Building a Microlearning Application with Python and Twilio SendGrid

Time to read:

March 13, 2020

Written by

Contributor

Building a Microlearning Application with Python and Twilio SendGrid

Build a Microlearning Application with Python and Twilio SendGrid

The sheer amount of information we have out there is enormous and it can be overwhelming for people trying to learn a new skill to decide what resource to use and actually follow through on learning these skills. For the worker especially, it can be really difficult finding the time to focus on learning these skills. Courses take months to complete and books have hundreds of scary pages. This difficulty calls for a need to modify the way we learn, and Microlearning is one successful attempt at adaptation.

Microlearning is a learning approach that involves getting your learning material in micro-units over a period of time. What this means is, if you want to read an online book that has 600 pages, you can read a few pages of the book per day. This way, you can estimate how long it will take you to complete the book and you’re less overwhelmed by the size of it, I hope.

I had been trying to hone my Python skills by reading the entire Python Language Reference. I tried doing this once every day, but it was difficult remembering to do it or just finding the time to. But somehow, I remember to take my daily Duolingo course when the little bird notifies me. I decided to try to apply this approach to my Python reference problem and see how it goes.

What I built is an application that gets data from the Python Language Reference and delivers a chapter of the reference to me, each day, by email.

What we are building

These are the steps we’ll take in building this application

Get the data we need from the Python Language Reference.
Set up an email service.
Deploy our application to Heroku and set up daily scheduling using the Heroku scheduler add-on.

email with a Python documentation chapter

Tutorial requirements

To follow along with this tutorial, you will need the following components:

Python 3.6 or higher
Virtualenv
Virtualenvwrapper
A Twilio SendGrid account. If you are new to Twilio SendGrid you can create a free account, which allows you to send 100 emails per day.
A Github account
A Heroku account.

You will also need to have some understanding of HTML.

Scraping the Python documentation

To get the data we need, we will need to scrape (accessing and extracting data from a website) the Python Library Reference documentation, format this data to suit our specifications and return this data.

Setting up our Github Repository

Let’s start by creating a GitHub repository for our project. If you don’t already have one, you can create a GitHub account. If you do have an account, you can go ahead and create a repository for the project and follow the setup instructions. I’m going to use the name python-microlearning-app for this repository, but you can use a different name if you like. Add a .gitignore file for the Python language while creating your repository.

Installing packages

Now let’s clone our repository and then create our virtual environment.
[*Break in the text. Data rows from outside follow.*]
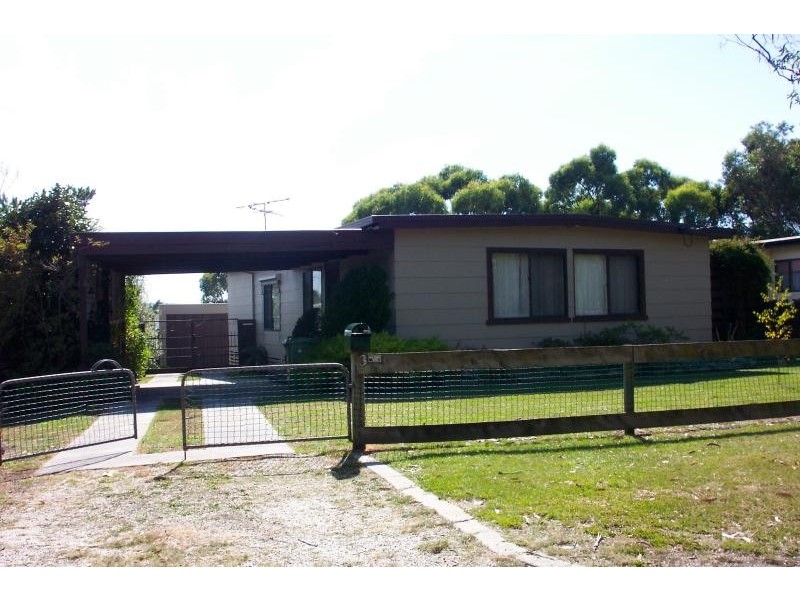 3 Hamilton  Street INVERLOCH 3996, Inverloch VIC 3996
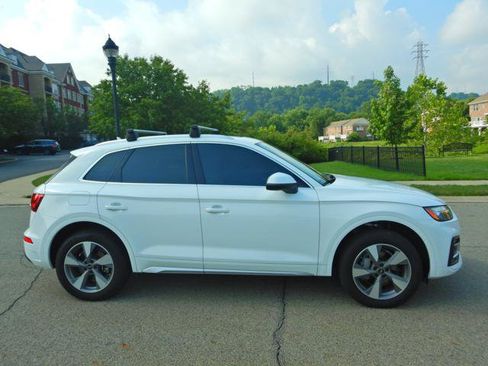 Used 2023 Audi Q5 2.0T Premium w/ Convenience Package AWD/4WD image 10
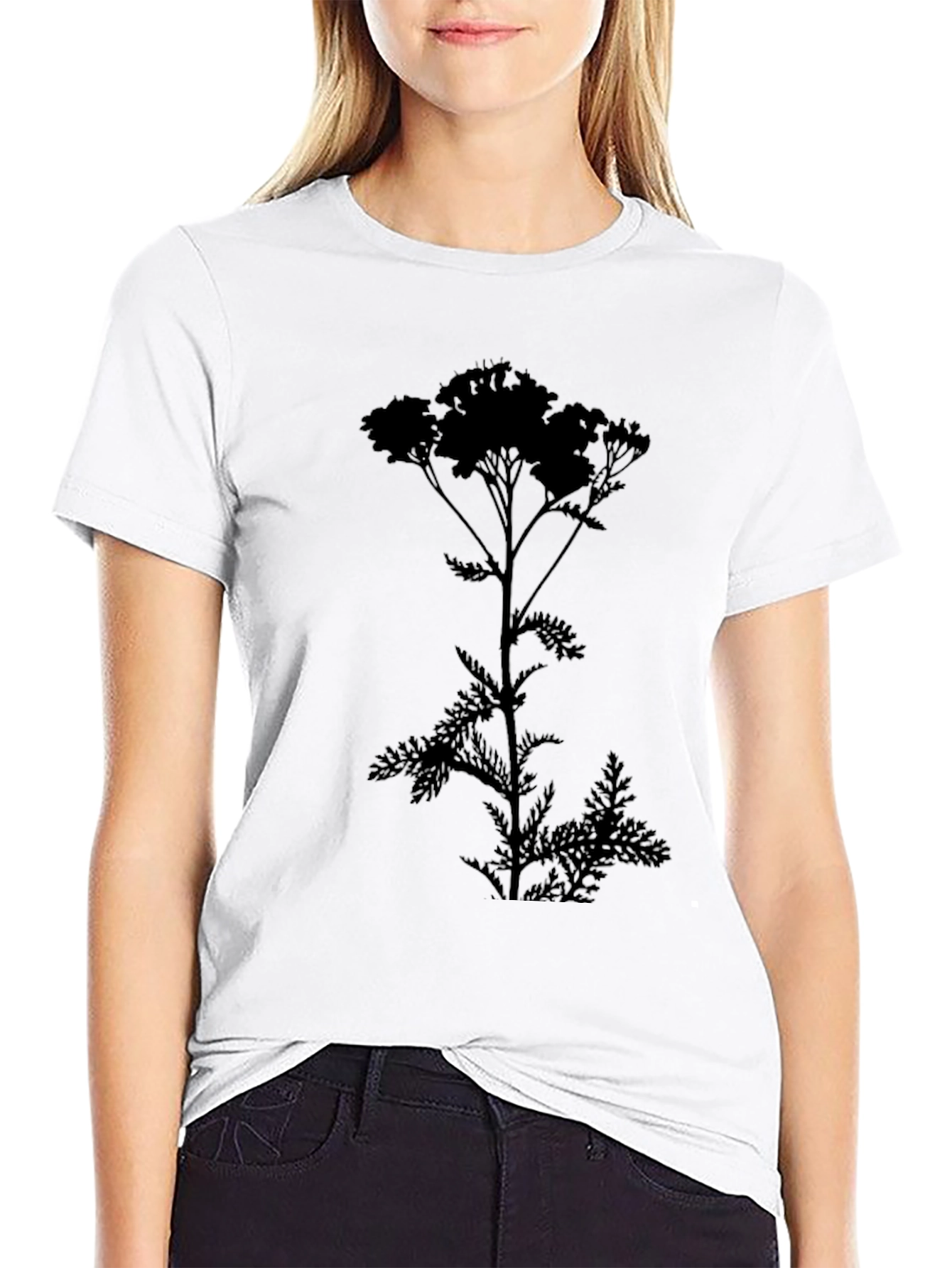 Camiseta Negra con Silueta de Planta Floral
$ git clone https://github.com/<your-github-username>/python-microlearning-app
$ cd python-microlearning-app
$ mkvirtualenv py-microlearning-app

Now that we have our virtual environment created, we can start installing the packages we need.

We will be installing the following packages:

Beautiful Soup: For parsing HTML and XML files.
Requests: Allows us to send HTTP requests easily.
Python-dotenv: Reads the key-value pairs from our .env file and creates environment variables.

(py-microlearning-app) $ pip install bs4 requests python-dotenv

Now when we run pip freeze we see the packages we installed and the packages that were installed along with them (some packages depend on other packages).

beautifulsoup4==4.8.2
bs4==0.0.1
certifi==2019.11.28
chardet==3.0.4
idna==2.9
python-dotenv==0.11.0
requests==2.23.0
soupsieve==2.0
urllib3==1.25.8

Writing the scraper

The first thing we want to do when scraping a website is to inspect the pages to see the data we want to extract and the HTML tags surrounding it. To do this, we can go on the website and inspect it using the “developer tools” of our web browser.

Python reference documentation table of contents

After inspecting the page structure, we can write the code to extract the data we need. Add this code snippet to a new file called scraper.py:

import re

import requests

from bs4 import BeautifulSoup

BASE_URL = 'https://docs.python.org/3/reference/'


def main(idx):
    """
    Scrape base url and extract links

    :Param idx: index of link to be parsed
    :Return: parsed content
    """
    content = _scraper(BASE_URL)
    links = content.findAll(href=_has_no_hashtag)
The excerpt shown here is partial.